Sales for the third quarter, which ended on March 31, reached US$18.1bn, with profit of $2.2 – a 17 percent decrease from the same period a year ago.
The consumer goods giant notes that figures were hurt by currency fluctuations, which are estimated to have impacted on 2015 sales by 6 to 7 percent. P&G also $300 million after-tax hit from a noncash charge against its Duracell batteries business, which it is in the process of selling.
Chief Executive Officer Joe Moeller has responded to the results by announcing cuts to thousands of office jobs. The company plans to cut 3,000 to 6,000 office jobs worldwide in the next two years.

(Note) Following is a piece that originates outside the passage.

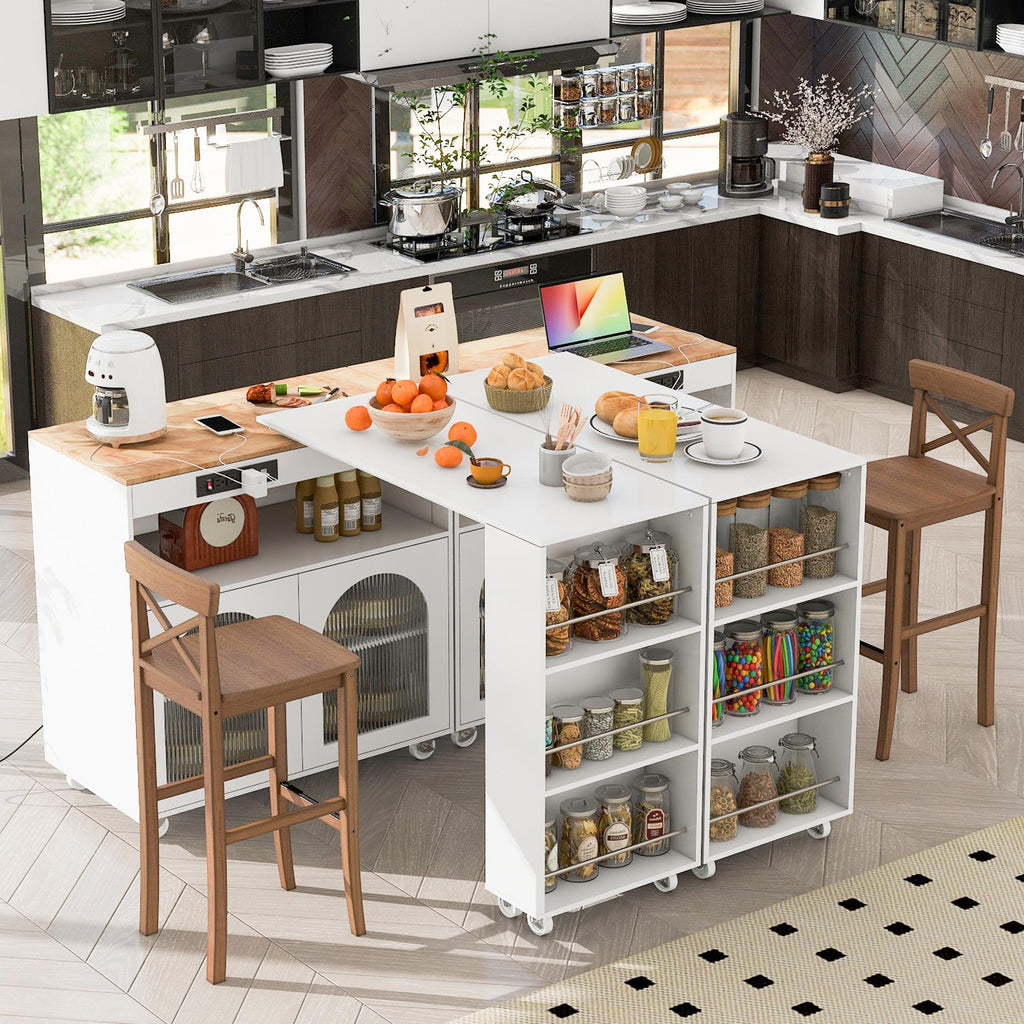 LED Kitchen Island with Extended Table, Power Outlets, Fluted Glass Doors, Utility Cart with Shelves and Cabinet, 56.5" L x 33" W x 38" H, White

This follows on from an campaign of job cuts that began in February 2012, when Procter & Gamble first announced it would slash 5,700 jobs, or 10 percent of its non-manufacturing jobs.
However, in the last three years, P&G has cut a total of nearly 11,000 office jobs and another 10,000 manufacturing jobs worldwide.
Yet despite cuts to office jobs, the company is continuing its investment in manufacturing, with Moeller announcing plans at least another 18 projects for new or expanded plants in overseas markets. Increasing the number of localised factories will help the company avoid currency impacts, Moeller stated.
Market insiders have speculated recently that P&G may be selling off around 100 of its less profitable beauty brands but P&G offered no major updates on this.
“Our third quarter earnings results were largely in-line with what we had expected,” said CEO A.G. Lafley in a statement. “We are focused on the significant opportunities in our control, including brand initiatives and product innovation, business and brand portfolio simplification, overhead savings and major supply chain productivity initiatives – to improve results in 2015 and beyond.”